------ DATA FOR THIS TASK
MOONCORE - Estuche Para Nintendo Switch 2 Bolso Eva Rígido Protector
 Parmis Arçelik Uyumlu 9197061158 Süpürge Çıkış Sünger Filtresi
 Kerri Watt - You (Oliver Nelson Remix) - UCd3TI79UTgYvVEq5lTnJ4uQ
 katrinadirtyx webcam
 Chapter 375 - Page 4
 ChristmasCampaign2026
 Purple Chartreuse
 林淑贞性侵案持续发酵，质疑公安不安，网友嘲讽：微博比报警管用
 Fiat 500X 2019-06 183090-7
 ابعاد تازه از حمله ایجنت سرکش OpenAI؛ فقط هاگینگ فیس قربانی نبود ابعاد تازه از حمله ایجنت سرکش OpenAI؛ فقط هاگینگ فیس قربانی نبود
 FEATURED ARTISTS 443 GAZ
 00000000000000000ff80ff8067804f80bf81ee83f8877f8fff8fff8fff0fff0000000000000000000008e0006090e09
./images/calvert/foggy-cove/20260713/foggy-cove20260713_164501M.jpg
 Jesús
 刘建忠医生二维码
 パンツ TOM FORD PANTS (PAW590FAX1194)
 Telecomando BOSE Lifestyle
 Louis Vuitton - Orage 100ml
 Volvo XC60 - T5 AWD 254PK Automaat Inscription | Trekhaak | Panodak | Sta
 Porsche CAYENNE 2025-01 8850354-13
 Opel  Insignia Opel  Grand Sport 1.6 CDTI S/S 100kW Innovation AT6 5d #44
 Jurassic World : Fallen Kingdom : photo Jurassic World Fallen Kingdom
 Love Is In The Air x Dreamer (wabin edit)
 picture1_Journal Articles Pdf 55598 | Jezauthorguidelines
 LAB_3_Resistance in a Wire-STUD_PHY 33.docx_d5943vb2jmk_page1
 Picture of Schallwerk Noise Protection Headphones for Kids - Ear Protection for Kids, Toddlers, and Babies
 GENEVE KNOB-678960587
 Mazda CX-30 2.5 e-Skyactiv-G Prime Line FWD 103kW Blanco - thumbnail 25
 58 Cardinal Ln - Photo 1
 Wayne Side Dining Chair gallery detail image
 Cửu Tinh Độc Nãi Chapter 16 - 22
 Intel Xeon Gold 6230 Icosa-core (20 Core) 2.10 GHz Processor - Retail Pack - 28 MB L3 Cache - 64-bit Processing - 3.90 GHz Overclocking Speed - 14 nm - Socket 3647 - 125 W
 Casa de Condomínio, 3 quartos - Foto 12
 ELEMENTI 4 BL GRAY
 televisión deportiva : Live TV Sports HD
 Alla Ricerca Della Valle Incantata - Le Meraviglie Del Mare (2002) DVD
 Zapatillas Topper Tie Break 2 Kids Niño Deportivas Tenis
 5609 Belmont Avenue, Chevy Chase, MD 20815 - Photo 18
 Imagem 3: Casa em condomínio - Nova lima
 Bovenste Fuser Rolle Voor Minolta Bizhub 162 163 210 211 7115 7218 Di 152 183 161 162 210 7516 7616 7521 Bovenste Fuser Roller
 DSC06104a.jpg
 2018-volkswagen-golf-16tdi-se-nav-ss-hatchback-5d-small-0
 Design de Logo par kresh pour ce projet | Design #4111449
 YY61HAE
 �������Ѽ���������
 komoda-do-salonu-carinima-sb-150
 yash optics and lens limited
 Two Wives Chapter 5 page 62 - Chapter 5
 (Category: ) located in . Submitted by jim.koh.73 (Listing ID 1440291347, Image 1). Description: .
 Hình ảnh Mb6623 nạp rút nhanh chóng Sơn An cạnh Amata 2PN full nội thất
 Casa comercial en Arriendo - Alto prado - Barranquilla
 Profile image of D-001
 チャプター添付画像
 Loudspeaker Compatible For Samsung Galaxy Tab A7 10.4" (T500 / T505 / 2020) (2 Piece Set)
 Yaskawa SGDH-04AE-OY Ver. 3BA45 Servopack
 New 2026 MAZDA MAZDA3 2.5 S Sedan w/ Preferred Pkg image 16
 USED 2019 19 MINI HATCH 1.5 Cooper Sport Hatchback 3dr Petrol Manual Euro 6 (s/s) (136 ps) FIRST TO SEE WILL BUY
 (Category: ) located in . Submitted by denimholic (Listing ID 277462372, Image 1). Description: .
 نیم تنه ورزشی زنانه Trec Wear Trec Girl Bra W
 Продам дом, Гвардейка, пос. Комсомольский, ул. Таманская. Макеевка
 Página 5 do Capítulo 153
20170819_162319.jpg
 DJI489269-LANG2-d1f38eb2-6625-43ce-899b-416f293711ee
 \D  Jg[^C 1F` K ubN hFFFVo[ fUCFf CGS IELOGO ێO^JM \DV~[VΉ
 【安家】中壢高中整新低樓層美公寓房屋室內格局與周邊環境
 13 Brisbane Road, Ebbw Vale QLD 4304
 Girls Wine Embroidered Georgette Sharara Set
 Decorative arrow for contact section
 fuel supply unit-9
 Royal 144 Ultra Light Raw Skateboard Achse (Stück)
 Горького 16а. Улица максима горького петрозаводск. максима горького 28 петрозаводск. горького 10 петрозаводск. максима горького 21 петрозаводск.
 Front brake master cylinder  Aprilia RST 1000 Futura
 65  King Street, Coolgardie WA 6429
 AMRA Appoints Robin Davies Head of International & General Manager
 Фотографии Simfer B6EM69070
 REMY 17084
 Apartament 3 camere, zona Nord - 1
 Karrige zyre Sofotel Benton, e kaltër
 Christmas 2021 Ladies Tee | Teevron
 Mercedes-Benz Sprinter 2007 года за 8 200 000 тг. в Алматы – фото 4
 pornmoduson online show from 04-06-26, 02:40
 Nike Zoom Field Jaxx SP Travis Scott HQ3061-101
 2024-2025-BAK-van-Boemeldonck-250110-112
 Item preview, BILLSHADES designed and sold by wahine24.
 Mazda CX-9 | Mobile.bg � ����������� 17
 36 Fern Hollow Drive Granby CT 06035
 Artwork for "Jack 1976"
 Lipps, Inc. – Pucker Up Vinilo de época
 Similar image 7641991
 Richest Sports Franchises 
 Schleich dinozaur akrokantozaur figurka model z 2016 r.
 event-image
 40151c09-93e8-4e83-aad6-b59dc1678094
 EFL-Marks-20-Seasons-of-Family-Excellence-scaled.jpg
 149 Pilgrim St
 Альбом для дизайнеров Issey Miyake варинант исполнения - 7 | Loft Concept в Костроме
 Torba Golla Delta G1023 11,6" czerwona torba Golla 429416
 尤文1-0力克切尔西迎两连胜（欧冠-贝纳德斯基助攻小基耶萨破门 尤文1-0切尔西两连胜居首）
------------
## WHAT YOU HAVE TO DO
Now repeat the data exactly, keeping every line.

## COMPLETED TASK
MOONCORE - Estuche Para Nintendo Switch 2 Bolso Eva Rígido Protector
 Parmis Arçelik Uyumlu 9197061158 Süpürge Çıkış Sünger Filtresi
 Kerri Watt - You (Oliver Nelson Remix) - UCd3TI79UTgYvVEq5lTnJ4uQ
 katrinadirtyx webcam
 Chapter 375 - Page 4
 ChristmasCampaign2026
 Purple Chartreuse
 林淑贞性侵案持续发酵，质疑公安不安，网友嘲讽：微博比报警管用
 Fiat 500X 2019-06 183090-7
 ابعاد تازه از حمله ایجنت سرکش OpenAI؛ فقط هاگینگ فیس قربانی نبود ابعاد تازه از حمله ایجنت سرکش OpenAI؛ فقط هاگینگ فیس قربانی نبود
 FEATURED ARTISTS 443 GAZ
 00000000000000000ff80ff8067804f80bf81ee83f8877f8fff8fff8fff0fff0000000000000000000008e0006090e09
./images/calvert/foggy-cove/20260713/foggy-cove20260713_164501M.jpg
 Jesús
 刘建忠医生二维码
 パンツ TOM FORD PANTS (PAW590FAX1194)
 Telecomando BOSE Lifestyle
 Louis Vuitton - Orage 100ml
 Volvo XC60 - T5 AWD 254PK Automaat Inscription | Trekhaak | Panodak | Sta
 Porsche CAYENNE 2025-01 8850354-13
 Opel  Insignia Opel  Grand Sport 1.6 CDTI S/S 100kW Innovation AT6 5d #44
 Jurassic World : Fallen Kingdom : photo Jurassic World Fallen Kingdom
 Love Is In The Air x Dreamer (wabin edit)
 picture1_Journal Articles Pdf 55598 | Jezauthorguidelines
 LAB_3_Resistance in a Wire-STUD_PHY 33.docx_d5943vb2jmk_page1
 Picture of Schallwerk Noise Protection Headphones for Kids - Ear Protection for Kids, Toddlers, and Babies
 GENEVE KNOB-678960587
 Mazda CX-30 2.5 e-Skyactiv-G Prime Line FWD 103kW Blanco - thumbnail 25
 58 Cardinal Ln - Photo 1
 Wayne Side Dining Chair gallery detail image
 Cửu Tinh Độc Nãi Chapter 16 - 22
 Intel Xeon Gold 6230 Icosa-core (20 Core) 2.10 GHz Processor - Retail Pack - 28 MB L3 Cache - 64-bit Processing - 3.90 GHz Overclocking Speed - 14 nm - Socket 3647 - 125 W
 Casa de Condomínio, 3 quartos - Foto 12
 ELEMENTI 4 BL GRAY
 televisión deportiva : Live TV Sports HD
 Alla Ricerca Della Valle Incantata - Le Meraviglie Del Mare (2002) DVD
 Zapatillas Topper Tie Break 2 Kids Niño Deportivas Tenis
 5609 Belmont Avenue, Chevy Chase, MD 20815 - Photo 18
 Imagem 3: Casa em condomínio - Nova lima
 Bovenste Fuser Rolle Voor Minolta Bizhub 162 163 210 211 7115 7218 Di 152 183 161 162 210 7516 7616 7521 Bovenste Fuser Roller
 DSC06104a.jpg
 2018-volkswagen-golf-16tdi-se-nav-ss-hatchback-5d-small-0
 Design de Logo par kresh pour ce projet | Design #4111449
 YY61HAE
 �������Ѽ���������
 komoda-do-salonu-carinima-sb-150
 yash optics and lens limited
 Two Wives Chapter 5 page 62 - Chapter 5
 (Category: ) located in . Submitted by jim.koh.73 (Listing ID 1440291347, Image 1). Description: .
 Hình ảnh Mb6623 nạp rút nhanh chóng Sơn An cạnh Amata 2PN full nội thất
 Casa comercial en Arriendo - Alto prado - Barranquilla
 Profile image of D-001
 チャプター添付画像
 Loudspeaker Compatible For Samsung Galaxy Tab A7 10.4" (T500 / T505 / 2020) (2 Piece Set)
 Yaskawa SGDH-04AE-OY Ver. 3BA45 Servopack
 New 2026 MAZDA MAZDA3 2.5 S Sedan w/ Preferred Pkg image 16
 USED 2019 19 MINI HATCH 1.5 Cooper Sport Hatchback 3dr Petrol Manual Euro 6 (s/s) (136 ps) FIRST TO SEE WILL BUY
 (Category: ) located in . Submitted by denimholic (Listing ID 277462372, Image 1). Description: .
 نیم تنه ورزشی زنانه Trec Wear Trec Girl Bra W
 Продам дом, Гвардейка, пос. Комсомольский, ул. Таманская. Макеевка
 Página 5 do Capítulo 153
20170819_162319.jpg
 DJI489269-LANG2-d1f38eb2-6625-43ce-899b-416f293711ee
 \D  Jg[^C 1F` K ubN hFFFVo[ fUCFf CGS IELOGO ێO^JM \DV~[VΉ
 【安家】中壢高中整新低樓層美公寓房屋室內格局與周邊環境
 13 Brisbane Road, Ebbw Vale QLD 4304
 Girls Wine Embroidered Georgette Sharara Set
 Decorative arrow for contact section
 fuel supply unit-9
 Royal 144 Ultra Light Raw Skateboard Achse (Stück)
 Горького 16а. Улица максима горького петрозаводск. максима горького 28 петрозаводск. горького 10 петрозаводск. максима горького 21 петрозаводск.
 Front brake master cylinder  Aprilia RST 1000 Futura
 65  King Street, Coolgardie WA 6429
 AMRA Appoints Robin Davies Head of International & General Manager
 Фотографии Simfer B6EM69070
 REMY 17084
 Apartament 3 camere, zona Nord - 1
 Karrige zyre Sofotel Benton, e kaltër
 Christmas 2021 Ladies Tee | Teevron
 Mercedes-Benz Sprinter 2007 года за 8 200 000 тг. в Алматы – фото 4
 pornmoduson online show from 04-06-26, 02:40
 Nike Zoom Field Jaxx SP Travis Scott HQ3061-101
 2024-2025-BAK-van-Boemeldonck-250110-112
 Item preview, BILLSHADES designed and sold by wahine24.
 Mazda CX-9 | Mobile.bg � ����������� 17
 36 Fern Hollow Drive Granby CT 06035
 Artwork for "Jack 1976"
 Lipps, Inc. – Pucker Up Vinilo de época
 Similar image 7641991
 Richest Sports Franchises 
 Schleich dinozaur akrokantozaur figurka model z 2016 r.
 event-image
 40151c09-93e8-4e83-aad6-b59dc1678094
 EFL-Marks-20-Seasons-of-Family-Excellence-scaled.jpg
 149 Pilgrim St
 Альбом для дизайнеров Issey Miyake варинант исполнения - 7 | Loft Concept в Костроме
 Torba Golla Delta G1023 11,6" czerwona torba Golla 429416
 尤文1-0力克切尔西迎两连胜（欧冠-贝纳德斯基助攻小基耶萨破门 尤文1-0切尔西两连胜居首）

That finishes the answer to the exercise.